The variation in Sa and Pa surface roughness parameters is presented in a combined graph (Figure 8).

The graph illustrates the variation in the parameters according to the indicated series. A difference between the 3D profile values can be observed, particularly for reference sample A. However, the graph indicates that the lowest values were obtained for series C.

In the cited articles, the Ra parameter decreased to values measured in the nanometre range. In the present study, using the currently employed tool and cutting process, a reduction of only 13.49% in the Pa parameter was achieved. The observed decrease in surface roughness is relatively small when compared with the reductions documented in other studies. This outcome is primarily due to the experimental design, in which the tool was assumed to perform only rotational motion.

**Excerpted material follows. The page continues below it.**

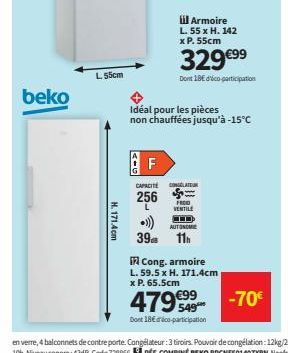 congélateur Beko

To achieve a more satisfactory effect, in subsequent trials the tool will be programmed to perform feed motions to appropriately direct the abrasive particles suspended in the fluid.

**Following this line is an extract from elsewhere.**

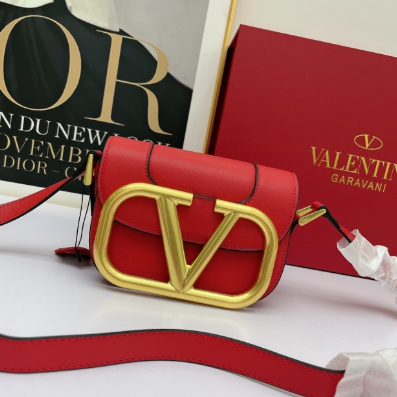 Valent*Large Metal Logo Bag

Moreover, the difference in the extent of reduction can be attributed to the differing material properties employed in the studies. In the article in [17], the machined material was PLA, which is characterised by higher hardness and lower abrasion resistance, compared with TPU 95A used in the present study. TPU 95A belongs to the class of ductile materials with low hardness, making it less susceptible to cutting-based processing. In the article in [20], the machining process of TPU 95A was also investigated. It was demonstrated that TPU 95A is highly sensitive to parameter variations and that its surface roughness cannot be predicted solely on the basis of single-factor effects. Consequently, the present study opens new possibilities for comparing the effectiveness of different processing methods.

5. Conclusions

In the present study, tests were carried out to reduce surface roughness, expressed by the parameters Sp, Sv, and Sz, as well as Pa and Pz. Analysis of the results led to the following conclusions:

• In the case of the Sp parameter, the largest decrease was recorded for the D series; it was about 45.8%. For this series, the smallest value of the Sz parameter was also obtained, corresponding to the sum of the largest tip height and the largest depth. This means that for series D the height of the total profile decreased.
• The C series has the smallest value of the parameter Sv, but the value of the parameter Sz is slightly higher than that of the D series. In this series, the Sa and Pa parameters also reached the lowest values.
• Analysing the amplitude of the roughness profile, series D was also characterised by the smallest value of the parameter Pz, corresponding to the sum of the largest profile height Pp and the largest profile depth Pv.
• Note that in the B series the differences between the comparison series are slightly smaller for the isometric projection parameters. For the selected 2D profile, the parameter values are larger than the control series. In subsequent tests, the solution used in the B series will no longer be considered, due to the smallest parameter difference with respect to the control samples.
• The obtained change in the parameters of the roughness profiles remained unsatisfactory compared to the BEMRF process [17]; however, the results the results provide a basis for refining the testing methodology using additional tools and for proposing adjustments to the ferromagnetic fluid composition. The analysis of the results demonstrated the potential of the developed machining method using a ferromagnetic fluid. However, the process currently requires further development. To achieve a greater reduction in surface roughness, comparable to the values reported in the studies discussed above, the following steps should be undertaken:
• Introduction of auxiliary tool motions;
• Development of an alternative tool geometry, particularly through modifications in the number of magnet slots and comparison of results with a symmetric magnet arrangement;
• Extension of the study to additional materials that are more amenable to machining, such as PLA.

The present study serves as an introduction to subsequent investigations, which aim to produce both a tool that can be implemented in a wide range of machine tools and guidelines for the processing of additively manufactured components.